Differences between the four electrode constructions became visible when comparing the variation in three-electrode contact impedance data. Electrode E4, which has an uneven surface, shows the biggest standard deviations (SD), with 4.9 MΩ (dry) and 8.7 kΩ (wet), while the other three constructions show similar magnitudes of SD to each other in the range of 3.0 MΩ (dry) and 5 kΩ (wet). This means that an uneven electrode surface leads to a less stable contact impedance, which can supposedly be related to the variations in quality of skin contact arising from the loops. The loops are rather long so that not the entire electrode area is touching the skin as long as the electrode is not actively pressed to the arm. Accordingly, the contact area is relying on the tops of the loops, which are touching the skin, rather than on the entire conductive area of the fabric. Therefore, the contact area is harder to estimate or control. These deviations showed a visible influence on the electrode performance, and accordingly, a smoother surface is to be preferred when a stable contact impedance is required.

3.2. Series II: Influence of Pressure Application and Electrode Construction

Series II was aiming to determine the influence of pressure application on the dummy-electrode impedance, i.e., the two-electrode contact impedance, in combination with the electrode construction.

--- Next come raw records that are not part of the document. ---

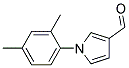 1-(2,4-DIMETHYLPHENYL)-1H-PYRROLE-3-CARBALDEHYDE Struktur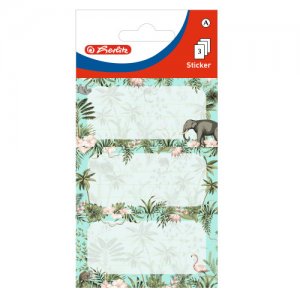 Etichete Scolare Tropical Set 9 Etichete Scolare Tropical Set 9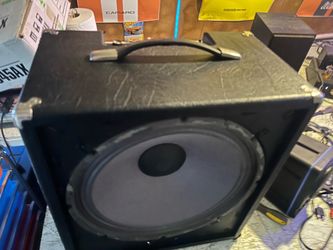 Polytone Mini Brute jazz guitar amp READ DESCRIPTION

The results for electrodes E1 and E4 are exemplarily presented in Figure 14 at 39 Hz. The relative impedance change rel dZ is the magnitude of contact impedance change upon pressure change (i.e., from the pre-force to the investigated pressure level), calculated in percent. Thus, the value is always positive and not indicating the direction of change. The contact impedance Z was reduced upon a higher pressure application, indicated by the applied force, based on an inversely linear relation for all four electrodes. Within this, the relative impedance change was bigger for a bigger pressure change, though not fully linear. The curve is steeper in the beginning and gets flatter for the bigger pressure changes for all electrodes. This suggests that a limit in form of a maximum impedance change was being approached, and therefore, the contact impedance change did not behave linearly proportional to the pressure change. Nevertheless, this limit was not reached in the performed experiments.
The modelled circuit elements for electrode version E1 (circle, high yarn density, smooth surface) are presented in Figure 15a,b. The charge transfer resistance Rp and the empirical constant N decreased for an increase in pressure while the capacitance Y0 increased, although the trends were not purely linear. The estimated errors were found to be very small with maximum 3.5%, which suggests that the equivalent circuit used for modelling is valid for the investigated system. This can also be seen in the comparison of measured data and fitted and simulated EC curve in Figure 15c,d, in which the simulated curves and measured data points show a remarkable agreement regarding the impedance Z. However, it must be noted that the goodness of fit values χ2 are still rather high.

3.2.1. Shape and Pressure

The comparison of the pressure-dependent contact impedances for the circular electrode (E1) and the square-shaped electrode (E2) are shown in Figure 16a for the entire frequency range. The electrode shape is indicated by the line color and the applied pressure is represented by the line style. When comparing the two electrode versions at the same pressure level (i.e., the same line style), a square-shaped electrode (E2) reduced the contact impedance Z compared to a circular electrode (E1) in the high frequency range (f > 1 kHz). For the lower frequencies, however, no clear influence of the shape was visible. At the pressure level of 400 g, the square electrode showed a significantly lower contact impedance, but at 600 and 1000 g, respectively, the contact impedances for both electrodes were similar. Thus, when applying a pressure of more than 400 g, the influence of pressure was pronounced in the low frequency range, while the influence of the electrode shape was dominant in the higher frequencies for all pressure levels. The factor weight of these two factors changes at a frequency of around 1 kHz.
For the relative impedance change rel dZ, see Figure 16b, the square-shaped electrode showed a lower impedance change at all pressure levels compared to the circular electrode over the entire frequency range. Nevertheless, the influence of pressure is pronounced over the influence of the shape, as the curves of the same pressure level are grouped together, particularly in the high frequency range where the differences between the respective pressure levels are bigger than between the two electrode versions at the same pressure level.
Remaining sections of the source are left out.